Segment Start: Data

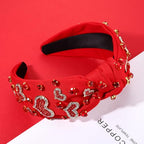 Valentine’s Day Heart Headbands for Women Valentine’s Day Accessories Jeweled Beaded Heart Knotted Headband Pink Red Rhinestone Wide Top Knot Headband Valentine Party Favors Gifts (Valentine's 2)
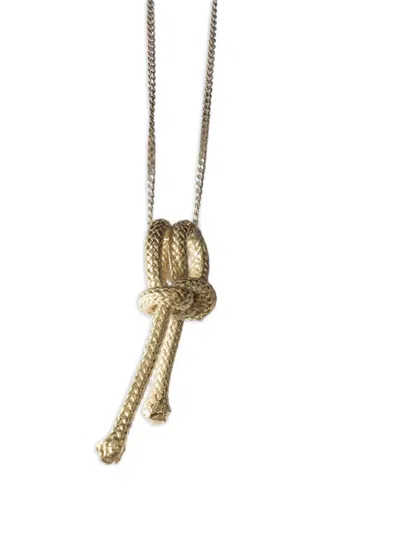 Angela Lago Clove Hitch Sterling Silver Necklace In Gold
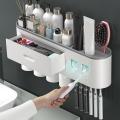 Magnetic Adsorption Inverted Toothbrush Holder Double(3 Cups)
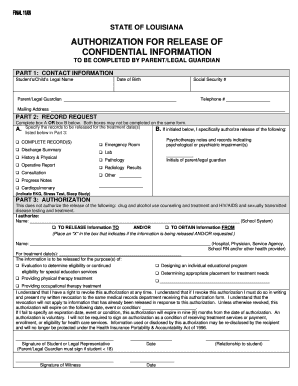 Authorization for Release of Confidential Information Form Lsdvi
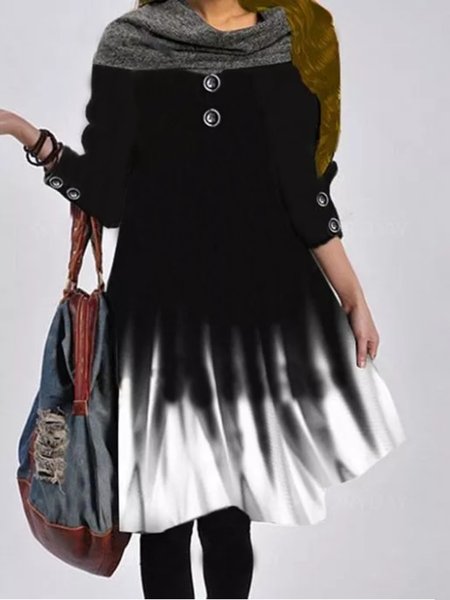 

Casual Long Sleeve Cowl neck Plus Size Printed Dress, Black, Mini Dresses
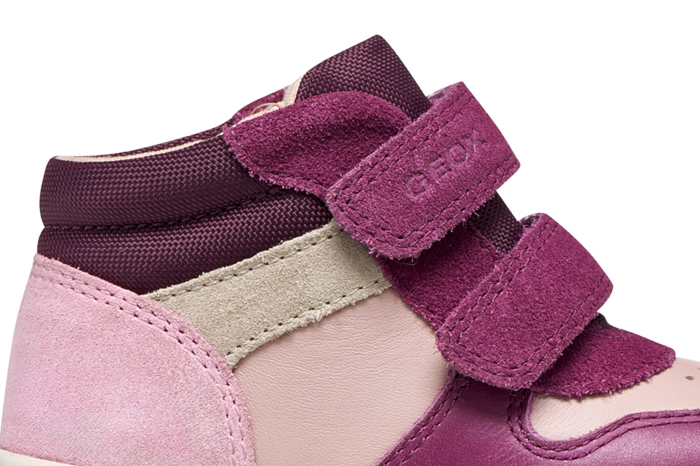 Ghete copii, fete, mid-high, din piele intoarsa si piele naturala, violet/roz, Geox [9]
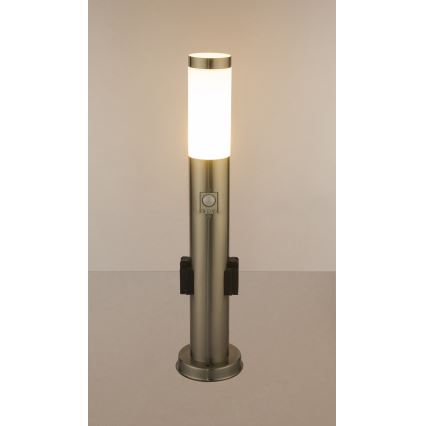 Globo - LED Buitenlamp met sensor en 2 stopcontacten LED/9W/230V 60 cm SCHUKO IP44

Segment End: Data

● **Goal of the exercise**:
Reproduce the material in its entirety and word for word, without the pictures.

● **Exercise answer**:
 Valentine’s Day Heart Headbands for Women Valentine’s Day Accessories Jeweled Beaded Heart Knotted Headband Pink Red Rhinestone Wide Top Knot Headband Valentine Party Favors Gifts (Valentine's 2)
 Angela Lago Clove Hitch Sterling Silver Necklace In Gold
 Magnetic Adsorption Inverted Toothbrush Holder Double(3 Cups)
 Authorization for Release of Confidential Information Form Lsdvi

Casual Long Sleeve Cowl neck Plus Size Printed Dress, Black, Mini Dresses
 Ghete copii, fete, mid-high, din piele intoarsa si piele naturala, violet/roz, Geox [9]
 Globo - LED Buitenlamp met sensor en 2 stopcontacten LED/9W/230V 60 cm SCHUKO IP44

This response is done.